Problem description: Transcribe each record exactly, but omit pictures.

START Data extract

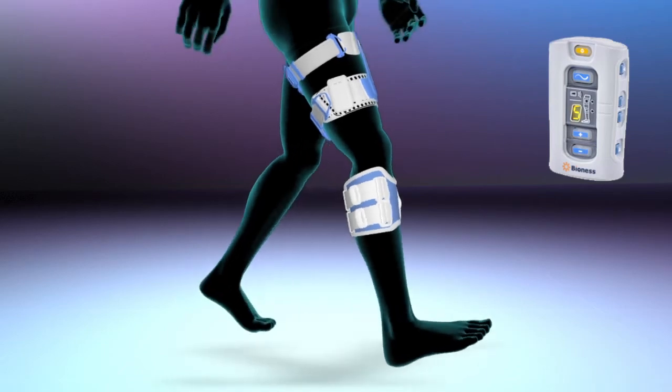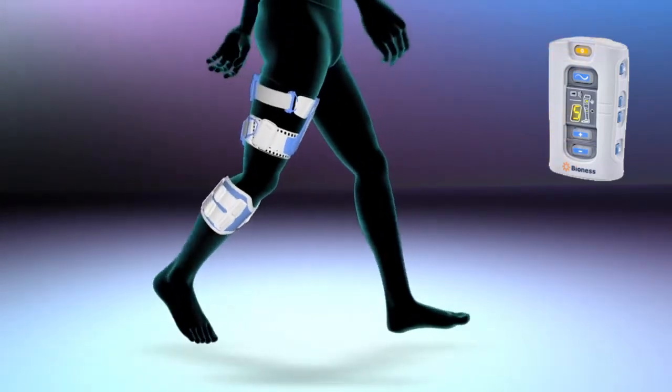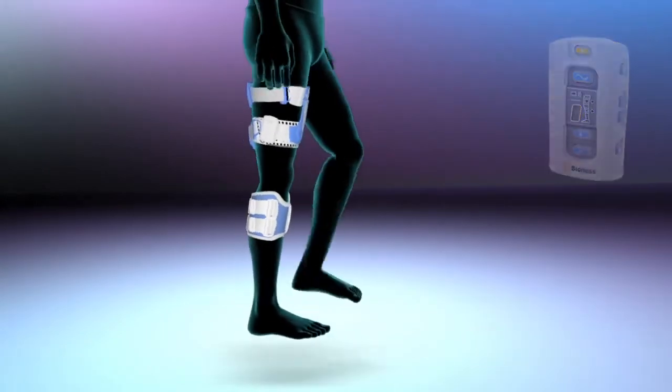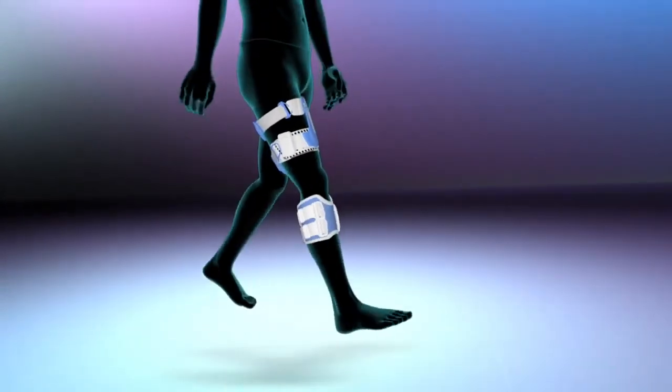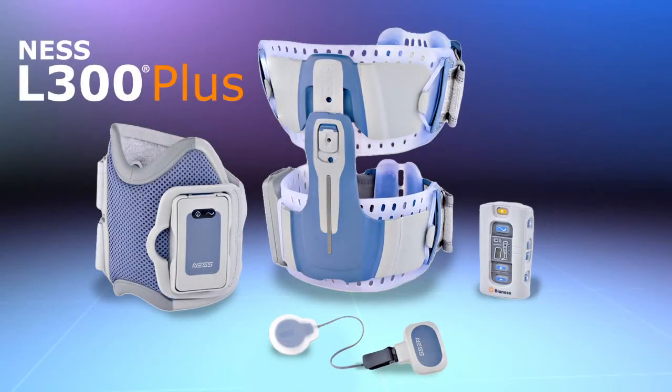The wireless control unit allows simple operation while displaying real-time information regarding the system's status. Get in step with the latest breakthrough in gait rehabilitation. Enjoy the freedom of walking more naturally with the Ness L300 Plus system.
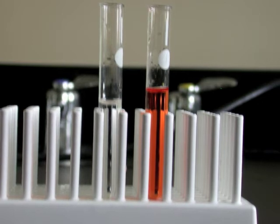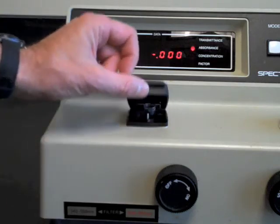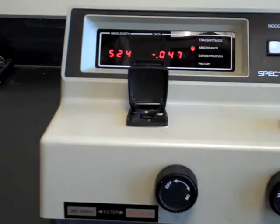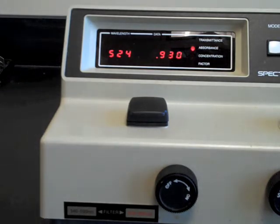The best practice is to keep one cuvette filled with a blank solution so that you can check that the instrument reads zero absorbance after the blank between each standard solution or sample that you test. That way, if the instrument drifts, you can go back and reset the zero absorbance value with the knob on the right.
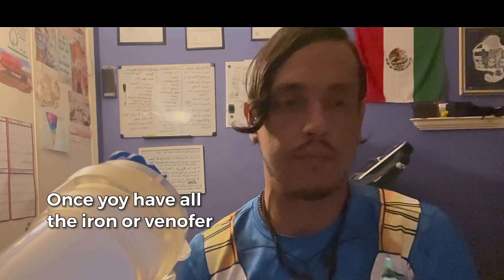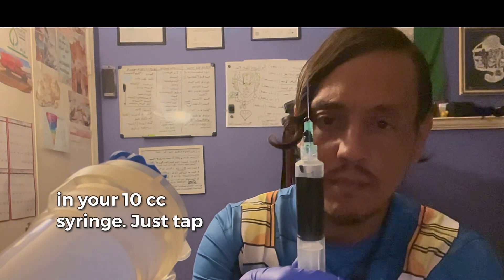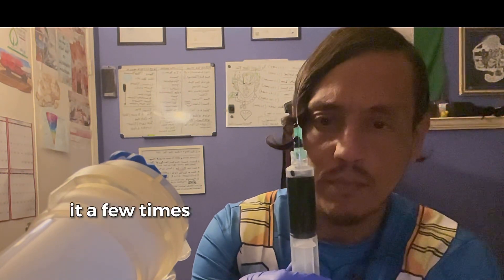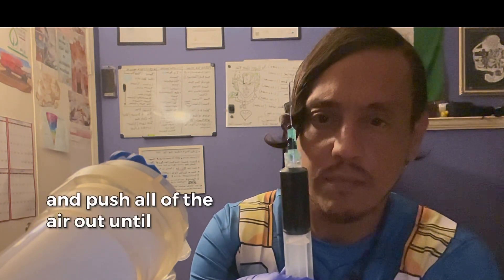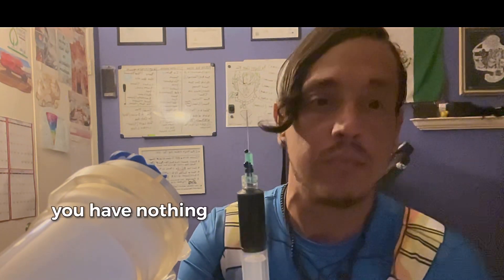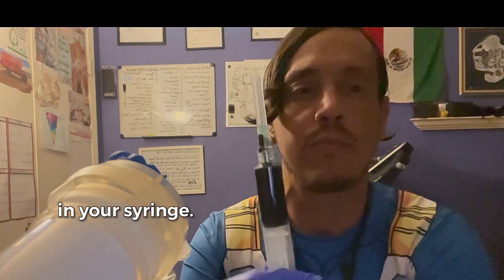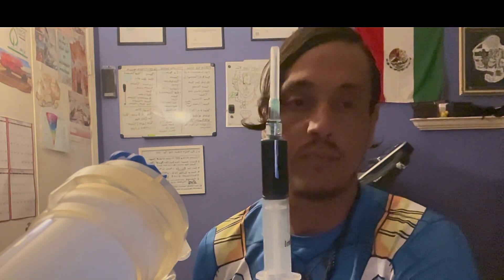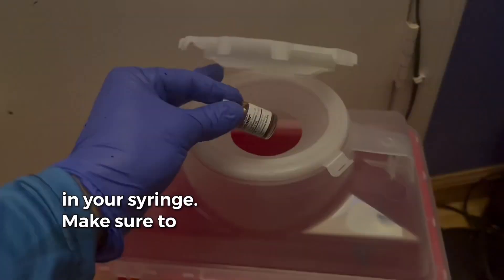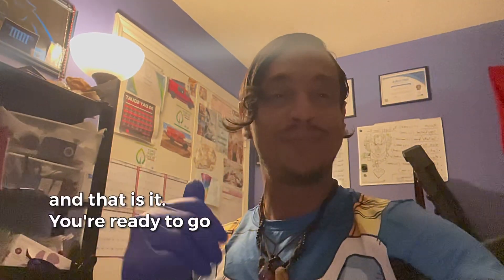Once you have all of the Venifer in your 10cc syringe, just tap it a few times and push all of the air out until you have nothing but iron in your syringe. Make sure to discard the needle in your Sharps container. And that is it.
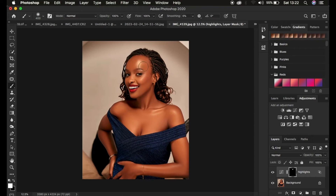Now simply paint over the areas where you want that nice and beautiful glow or shine — paint onto the model's skin. You can see this is introducing a beautiful shine to the image, making it look more unique. You can see the before and after. If the effect is too much, come to the Opacity and dial it back down.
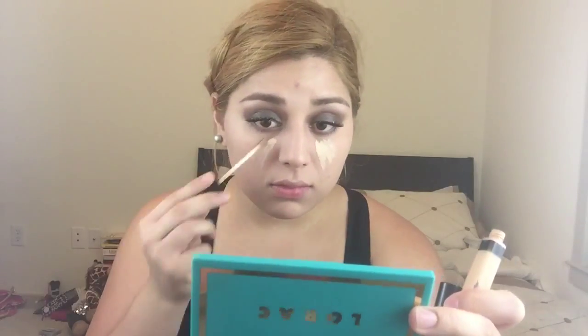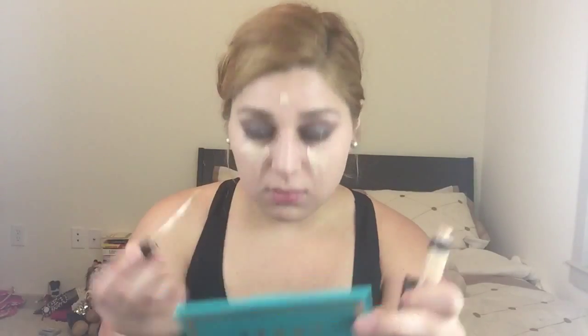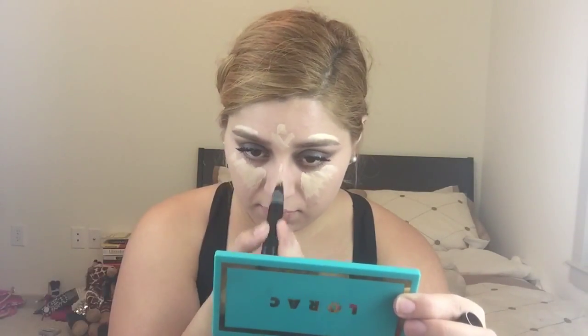Now I'm going to put on my concealer — I'm using the Maybelline Fit Me Concealer. Then I'm going to apply the MAC Prep and Prime Light Boost, because it is one of my favorites and it just adds a little bit more brightness, which I am all about. I put it literally all over my face and then blend it out with my beauty blender.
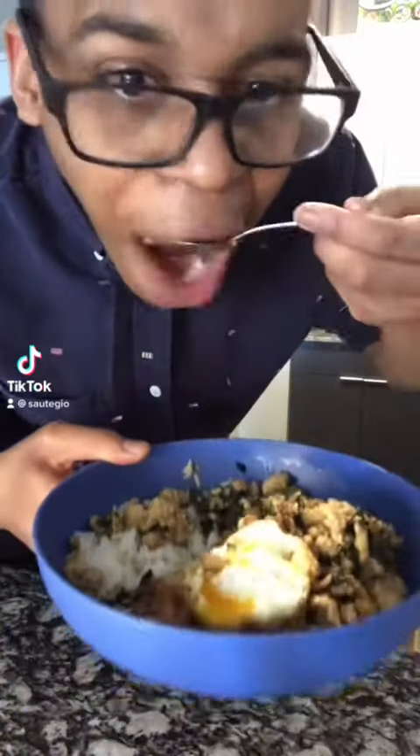How to cook Pad Kra Pao — my way. I've been eating this at least twice a week. Let's get straight into it.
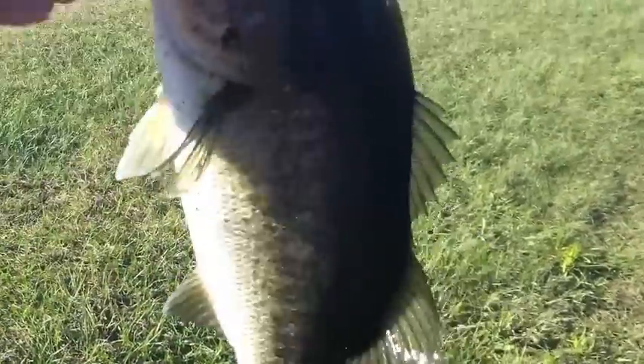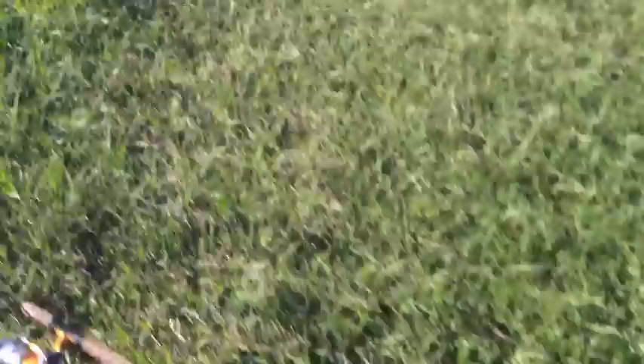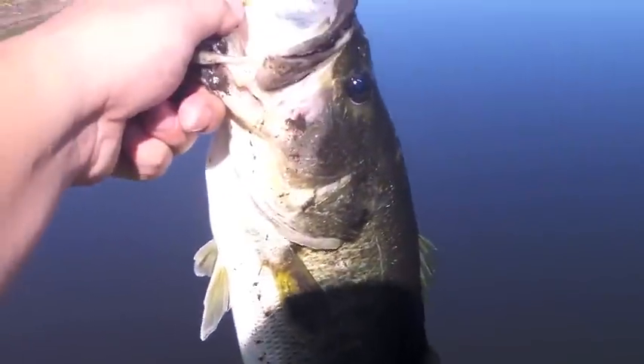Guys, I just got a nice male off the bed. Look at that chunky, chunky fish. Might be a female. Let's get her out of the water. That tiny little grub — sometimes it's all it takes to piss them off. That bass. That's a good, fat bass. Nice, healthy bass.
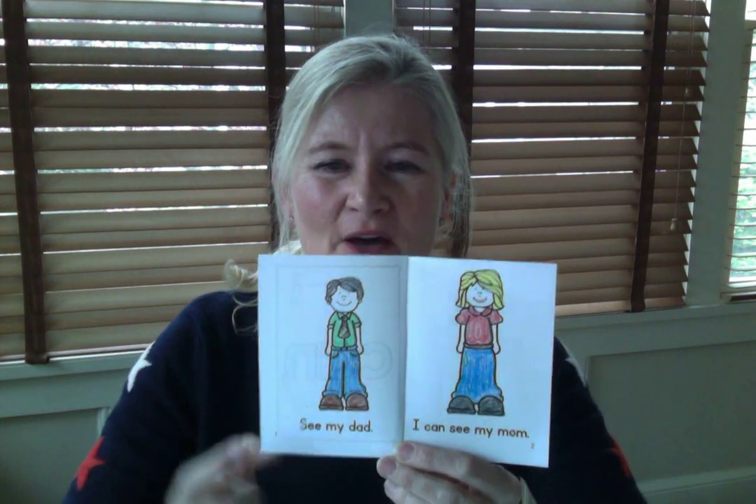Hi girls and boys, it's time to read our CAN sight word book again. We read it yesterday for the first time, so we're going to read it together today, both at the same time. Get your sight word book. If you don't have it, just read out loud with me as I use my reading finger to point to the words. We know that this says CAN. Let's turn to the first page and read together. Okay, let's go.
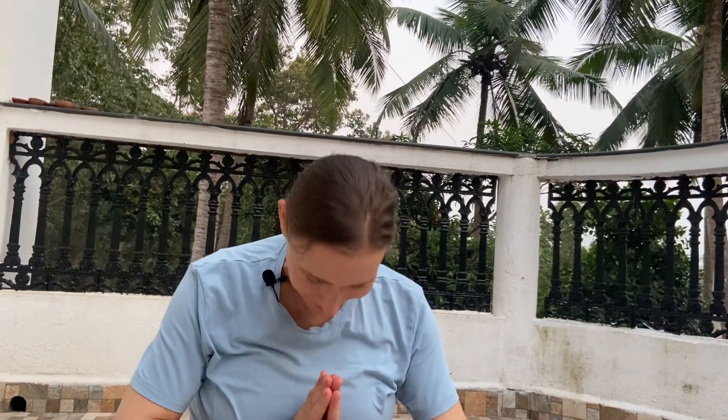Namaste everyone, welcome back to Nirama Yoga. We are going on tips for a healthy pregnancy from yoga and Ayurveda. Today I want to show you a very balancing pranayama, or also kriya you could say — this is sukha kriya.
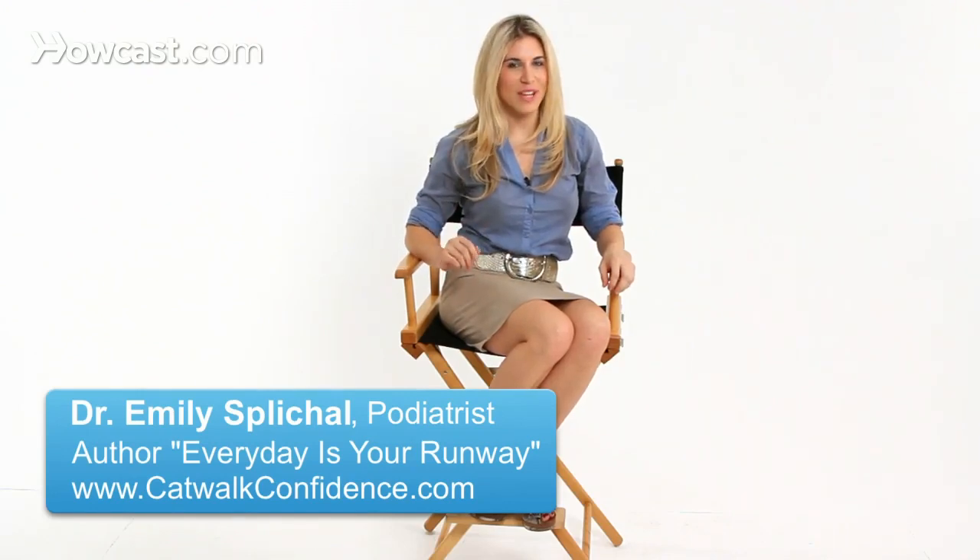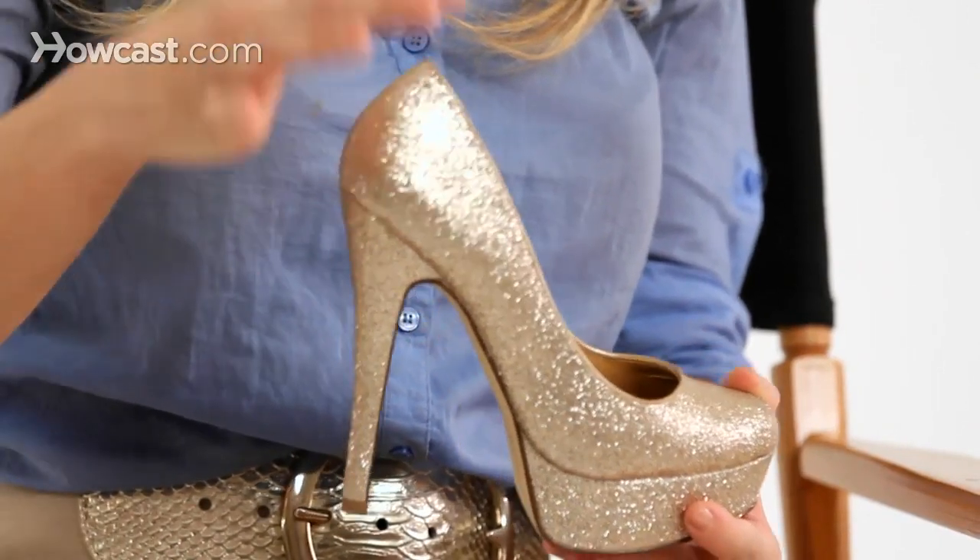Here are some great tips on how to ensure that your high heels fit correctly. For a closed toe shoe or a pump, you want to start with what's called the heel counter. Ensuring that the heel counter properly fits and encases the back of the heel will prevent that heel from slipping out as you walk.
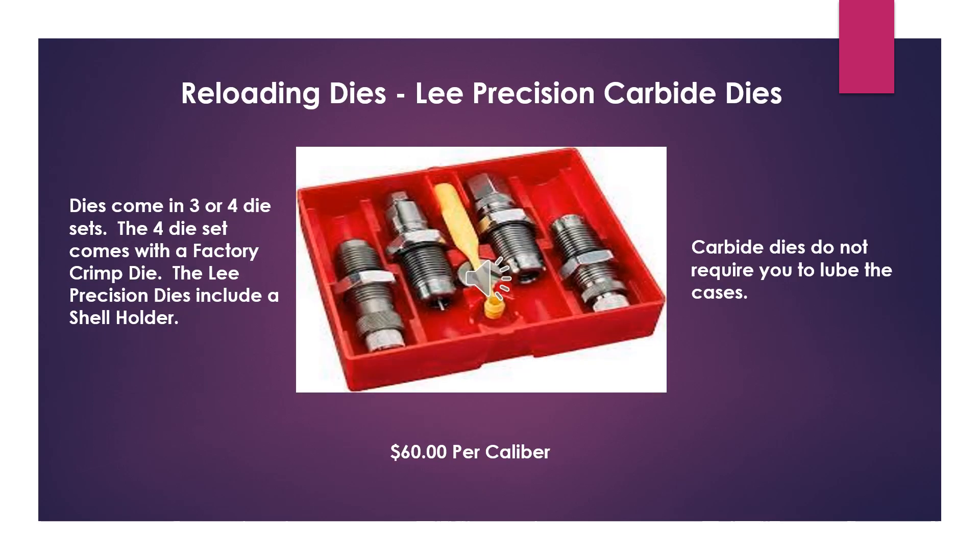The next thing you're going to need is a set of reloading dies. I recommend the Lee Precision Carbide Dies. The reason you want carbide dies is because you don't need to lube the cases. These dies come in three or four die sets, and I highly recommend the four die set because it comes with a factory crimp die. The Lee Precision dies also include a shell holder, which doesn't always come with the other ones. This will cost you about $60 per caliber.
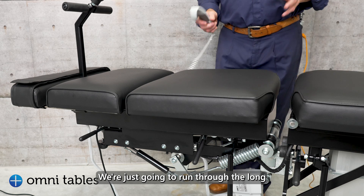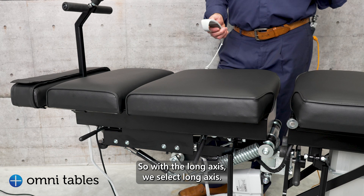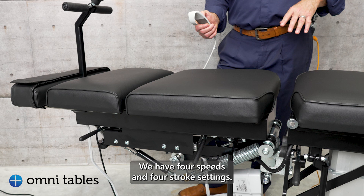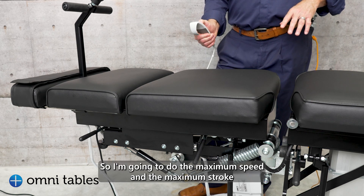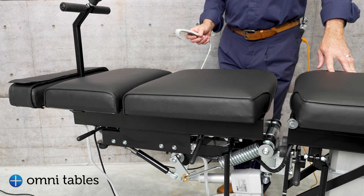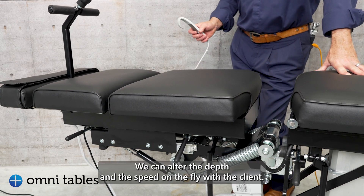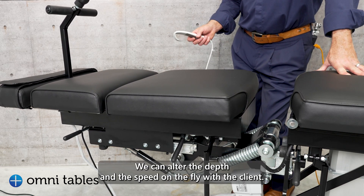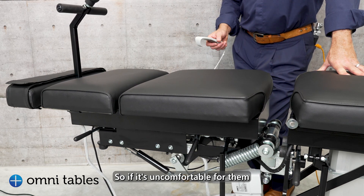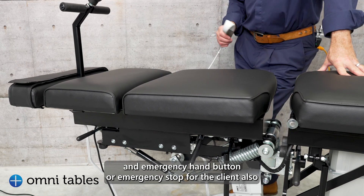We're going to run through the long axis distraction on our Total Drop Flexion Distraction table. With the long axis we select long axis — we have four speeds and four stroke settings. I'm going to do the maximum speed and the maximum stroke and we're going to run. Just the same as the flexion distraction, we can alter the depth and the speed on the fly with a client, so if it's uncomfortable for them. Remember, there's an emergency stop for the practitioner on the handset, and a separate emergency stop button for the client also.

END Data extract

Response to this task:
The wireless control unit allows simple operation while displaying real-time information regarding the system's status. Get in step with the latest breakthrough in gait rehabilitation. Enjoy the freedom of walking more naturally with the Ness L300 Plus system.
The best practice is to keep one cuvette filled with a blank solution so that you can check that the instrument reads zero absorbance after the blank between each standard solution or sample that you test. That way, if the instrument drifts, you can go back and reset the zero absorbance value with the knob on the right.
Once you have all of the Venifer in your 10cc syringe, just tap it a few times and push all of the air out until you have nothing but iron in your syringe. Make sure to discard the needle in your Sharps container. And that is it.
Now simply paint over the areas where you want that nice and beautiful glow or shine — paint onto the model's skin. You can see this is introducing a beautiful shine to the image, making it look more unique. You can see the before and after. If the effect is too much, come to the Opacity and dial it back down.
Now I'm going to put on my concealer — I'm using the Maybelline Fit Me Concealer. Then I'm going to apply the MAC Prep and Prime Light Boost, because it is one of my favorites and it just adds a little bit more brightness, which I am all about. I put it literally all over my face and then blend it out with my beauty blender.
How to cook Pad Kra Pao — my way. I've been eating this at least twice a week. Let's get straight into it.
Guys, I just got a nice male off the bed. Look at that chunky, chunky fish. Might be a female. Let's get her out of the water. That tiny little grub — sometimes it's all it takes to piss them off. That bass. That's a good, fat bass. Nice, healthy bass.
Hi girls and boys, it's time to read our CAN sight word book again. We read it yesterday for the first time, so we're going to read it together today, both at the same time. Get your sight word book. If you don't have it, just read out loud with me as I use my reading finger to point to the words. We know that this says CAN. Let's turn to the first page and read together. Okay, let's go.
Namaste everyone, welcome back to Nirama Yoga. We are going on tips for a healthy pregnancy from yoga and Ayurveda. Today I want to show you a very balancing pranayama, or also kriya you could say — this is sukha kriya.
Here are some great tips on how to ensure that your high heels fit correctly. For a closed toe shoe or a pump, you want to start with what's called the heel counter. Ensuring that the heel counter properly fits and encases the back of the heel will prevent that heel from slipping out as you walk.
The next thing you're going to need is a set of reloading dies. I recommend the Lee Precision Carbide Dies. The reason you want carbide dies is because you don't need to lube the cases. These dies come in three or four die sets, and I highly recommend the four die set because it comes with a factory crimp die. The Lee Precision dies also include a shell holder, which doesn't always come with the other ones. This will cost you about $60 per caliber.
We're going to run through the long axis distraction on our Total Drop Flexion Distraction table. With the long axis we select long axis — we have four speeds and four stroke settings. I'm going to do the maximum speed and the maximum stroke and we're going to run. Just the same as the flexion distraction, we can alter the depth and the speed on the fly with a client, so if it's uncomfortable for them. Remember, there's an emergency stop for the practitioner on the handset, and a separate emergency stop button for the client also.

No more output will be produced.